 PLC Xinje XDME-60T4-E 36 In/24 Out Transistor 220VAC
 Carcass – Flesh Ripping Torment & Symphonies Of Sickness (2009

---

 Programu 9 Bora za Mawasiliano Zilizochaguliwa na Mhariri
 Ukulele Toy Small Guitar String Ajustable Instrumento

--

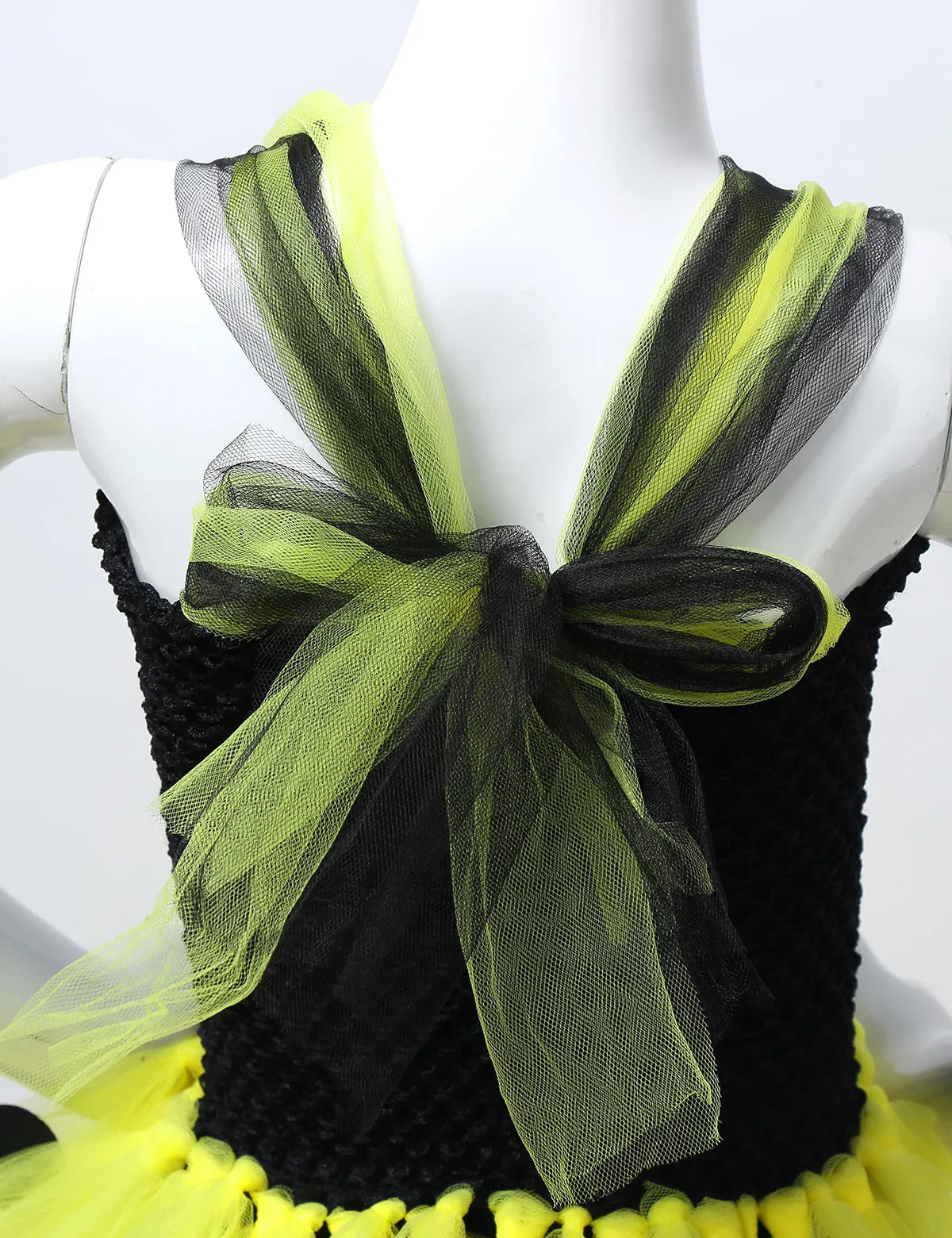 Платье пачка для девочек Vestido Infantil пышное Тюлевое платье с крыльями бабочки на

WHAT YOU ARE ASKED TO DO.
Look in the material above for the line with "PLC Xinje XDME-60T4-E" and the line with "Carcass – Flesh", and transcribe exactly those lines and all lines between them, nothing more.

RESPONSE AREA.
 PLC Xinje XDME-60T4-E 36 In/24 Out Transistor 220VAC
 Carcass – Flesh Ripping Torment & Symphonies Of Sickness (2009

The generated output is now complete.